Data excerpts
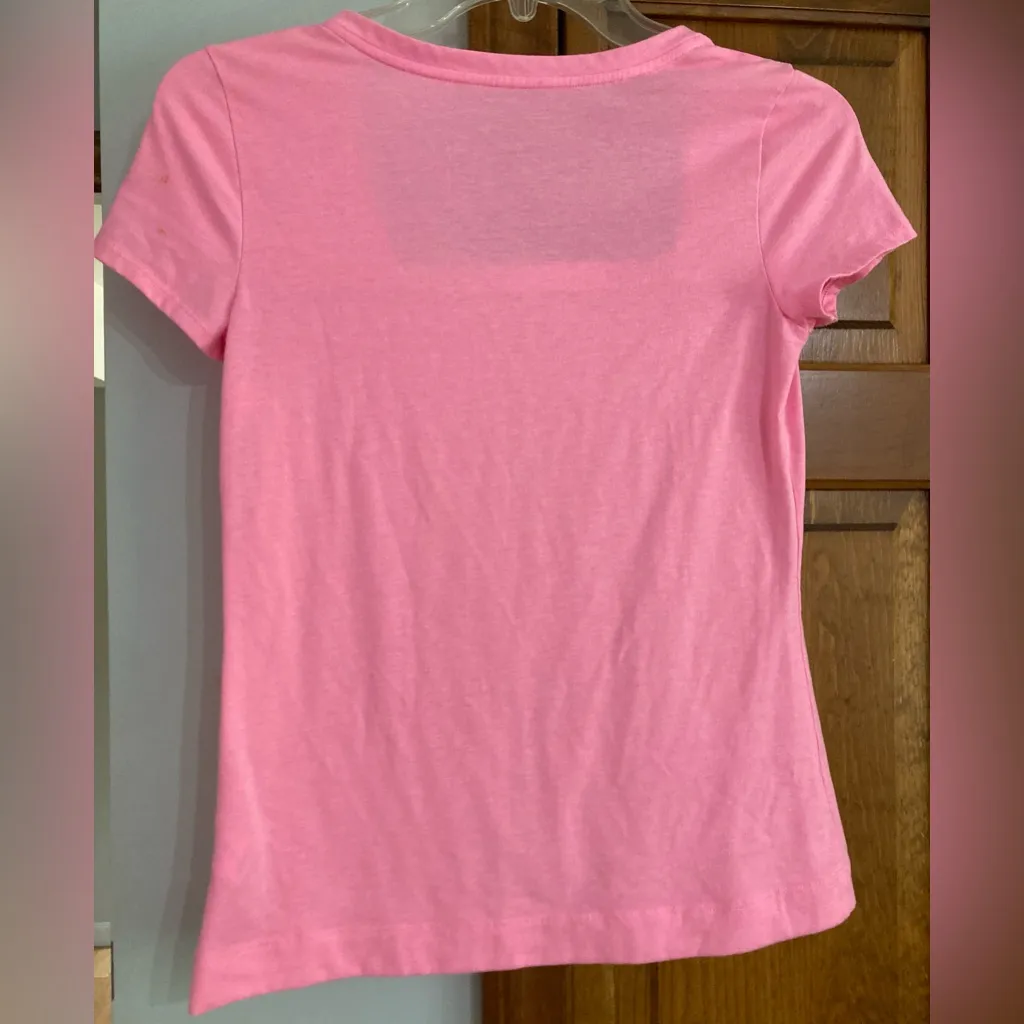 Lilly Pulitzer Rexa Square Neck Top Pelican Pink XXS - Image 2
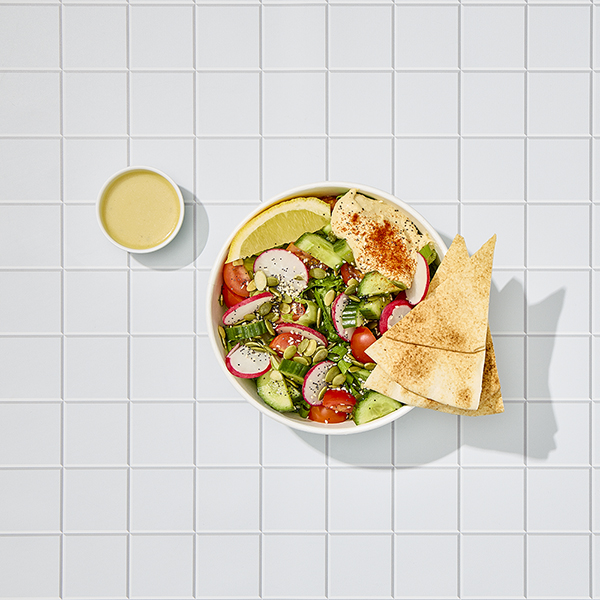 Middle Eastern Fattoush
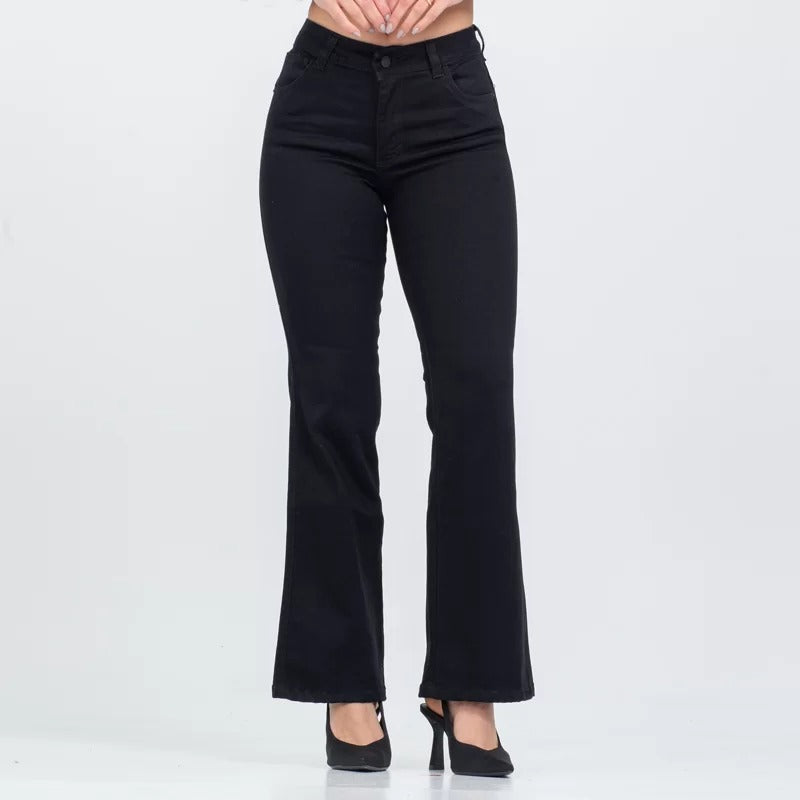 Jean  Flare LV-2349 Negro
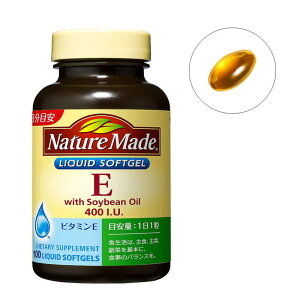 ��ː���@NatureMade�i�l�C�`���[���C�h�j�r�^�~��E400�i100���j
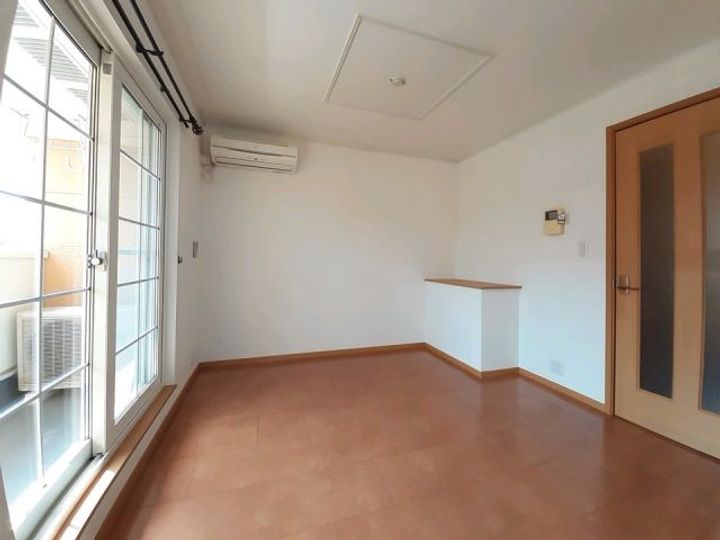 群馬県みどり市笠懸町阿左美(アパート)の賃貸物件の居間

- **WHAT THE EXERCISE ASKS**
Give the records again exactly as they stand, so that only the pictures are missing.

- **EXERCISE ANSWER**
 Lilly Pulitzer Rexa Square Neck Top Pelican Pink XXS - Image 2
 Middle Eastern Fattoush
 Jean  Flare LV-2349 Negro
 ��ː���@NatureMade�i�l�C�`���[���C�h�j�r�^�~��E400�i100���j
 群馬県みどり市笠懸町阿左美(アパート)の賃貸物件の居間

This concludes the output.